A cafe owner in Timaru asked a mother who was feeding her 3 month old baby to cover up. The mother didn’t have a blanket or shawl with her, so the cafe owner offered her a clean teatowel. The mother posted her experience on Facebook, and since then, the cafe owner has been subject to what she describes as abusive calls, and she has had to shut down the cafe’s Facebook page because it was getting so many negative comments.
The story is here: Breastfeed incident goes viral with abuse
Abuse is never pretty, and no doubt the cafe owner is very shaken and worried. To be clear, I do not support abuse of the cafe owner at all. However, I most certainly do not support her actions towards the breastfeeding mother. All the more so when under New Zealand law, no one may stop a mother from feeding her baby in public.
The newspaper article sets out “Mothers’ Rights”.
* It is illegal under the Human Rights Act for someone to stop you breastfeeding in public.
* The Health Ministry recommends exclusive breastfeeding until babies are about 6 months old.
* It also recommends that breastfeeding mothers should research the places they are going ahead of time, or take pieces of muslin and shawls to shield the breast and baby.
* In 2009, Plunket said 16 per cent of mothers exclusively breastfed babies until they are 6 months old.
It’s wrong about that third point. The Ministry of Health does not recommend that breastfeeding mothers research the place, or take muslin and shawls to shield the breast and baby.
Any woman reading that third point might feel that she is entitled to breastfeed in public only if she complies with certain behaviours. In fact, the Ministry of Health offers this advice for people who are feeling unsure about breastfeeding in public. It’s not advice for everyone who breastfeeds, just advice for people who feel unsure.

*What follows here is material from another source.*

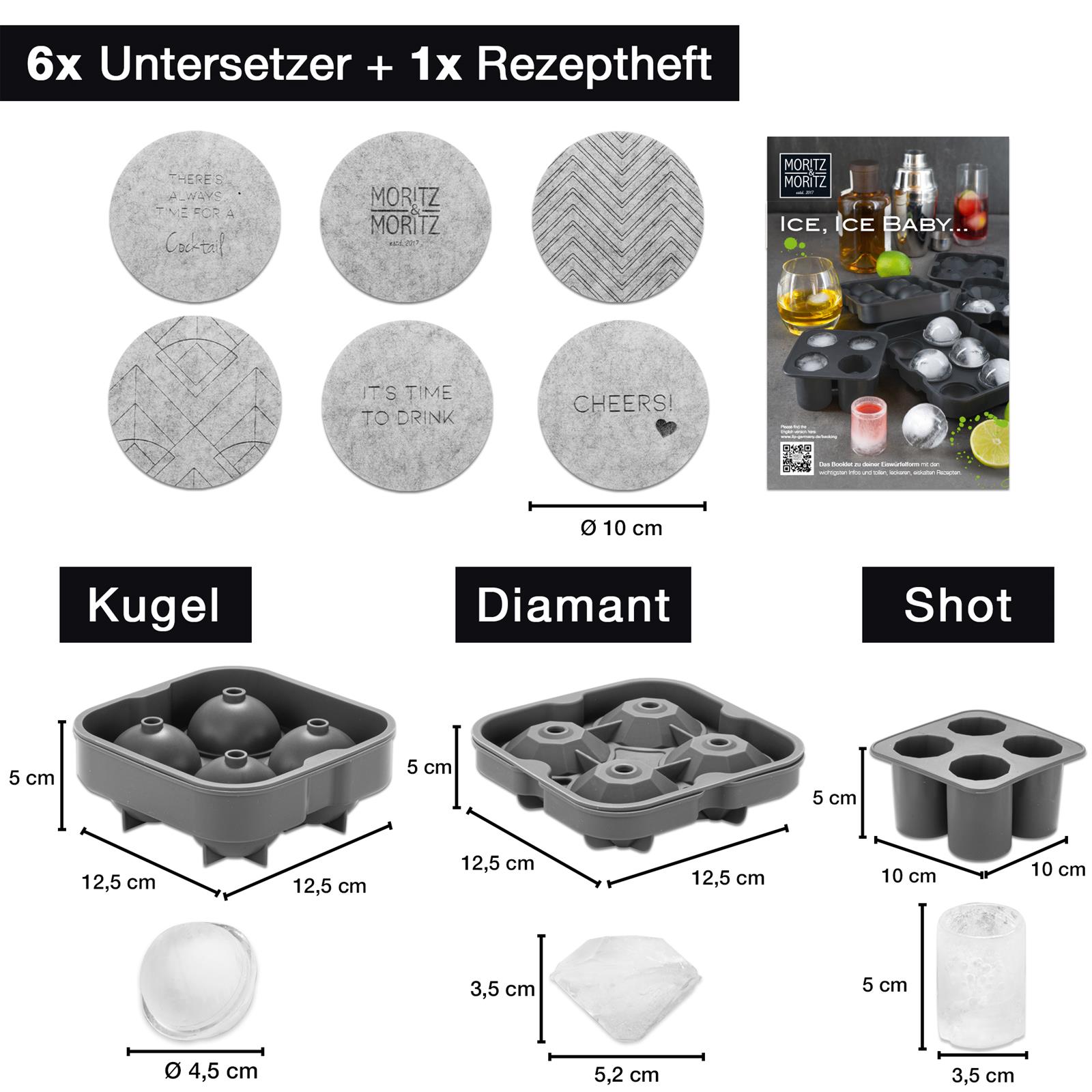 Runde Eiswürfelform im Diamant-Design von Moritz & Moritz für stilvolle Drinks Runde Eiswürfelform und Diamant-Cup-Set aus der Moritz und Moritz Kitchen Kollektion, Bild zeigt detailreiche Ansicht von hochwertigen Silikonformen für kreative Eiszubereitung.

Plenty of new mothers feel iffy enough about breastfeeding in public without being told that the Ministry of Health recommends that they cover up. A small slip by the journalist, no doubt, but an unhelpful and misleading one.
On the positive side, it seems that although at times people in New Zealand can be deeply critical of parents with small children, there’s plenty of support out there too. I just wish that support was expressed in positive actions, rather than heaping abuse on someone.